Cell type-specific effects of BDNF in modulating dendritic architecture of hippocampal neurons.

Brain-derived neurotrophin factor (BDNF) has been implicated in neuronal survival, differentiation and activity-dependent synaptic plasticity in the central nervous system. It was suggested that during postnatal development BDNF regulates neuronal architecture and spine morphology of neurons within certain brain areas but not others. Particularly striking are the differences between striatum, cortex and hippocampus. Whether this is due to region- or cell type-specific effects is so far not known. We address this question using conditional bdnf knock-out mice to analyze neuronal architecture and spine morphology of pyramidal cortical and hippocampal neurons as well as inhibitory neurons from these brain areas and excitatory granule neurons from the dentate gyrus. While hippocampal and cortical inhibitory neurons and granule cells of the dentate gyrus are strongly impaired in their architecture, pyramidal neurons within the same brain regions only show a mild phenotype. We found a reduced TrkB phosphorylation within hippocampal interneurons and granule cells of the dentate gyrus, accompanied by a significant decrease in dendritic complexity. In contrast, in pyramidal neurons both TrkB phosphorylation and neuronal architecture are not altered.

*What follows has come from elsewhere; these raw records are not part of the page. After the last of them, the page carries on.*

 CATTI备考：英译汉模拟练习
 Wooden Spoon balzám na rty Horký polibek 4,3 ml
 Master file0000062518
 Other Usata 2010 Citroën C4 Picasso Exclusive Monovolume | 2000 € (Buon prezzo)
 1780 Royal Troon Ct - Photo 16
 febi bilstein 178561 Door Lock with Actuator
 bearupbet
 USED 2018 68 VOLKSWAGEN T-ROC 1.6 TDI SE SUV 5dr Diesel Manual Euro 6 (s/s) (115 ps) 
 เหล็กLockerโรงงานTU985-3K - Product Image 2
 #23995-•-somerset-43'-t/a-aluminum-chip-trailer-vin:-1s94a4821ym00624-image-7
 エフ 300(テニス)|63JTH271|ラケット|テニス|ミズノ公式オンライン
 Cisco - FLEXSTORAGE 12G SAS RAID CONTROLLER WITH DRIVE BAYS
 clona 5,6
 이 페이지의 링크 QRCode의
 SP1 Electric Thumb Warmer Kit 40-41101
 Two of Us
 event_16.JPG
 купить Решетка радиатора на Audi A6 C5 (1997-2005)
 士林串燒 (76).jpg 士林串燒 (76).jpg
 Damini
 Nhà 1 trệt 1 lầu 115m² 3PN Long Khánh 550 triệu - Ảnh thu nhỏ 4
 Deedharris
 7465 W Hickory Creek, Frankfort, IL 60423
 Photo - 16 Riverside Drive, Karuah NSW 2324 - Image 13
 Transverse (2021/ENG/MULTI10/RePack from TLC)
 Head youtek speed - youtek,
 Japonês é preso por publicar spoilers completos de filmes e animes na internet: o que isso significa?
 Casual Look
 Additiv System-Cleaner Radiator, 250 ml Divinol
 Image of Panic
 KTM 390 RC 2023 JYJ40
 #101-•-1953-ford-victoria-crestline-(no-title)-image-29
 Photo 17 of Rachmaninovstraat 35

The results suggest diverse levels of responsiveness to BDNF for different hippocampal and cortical neuronal populations within the same brain area. Among the possible mechanisms mediating these differences in BDNF function, we tested whether zinc might be involved in TrkB transactivation specifically in pyramidal neurons. We propose that a BDNF-independent transactivation of TrkB receptor may be able to compensate the lack of BDNF signaling to modulate neuronal morphology in a cell type-specific manner.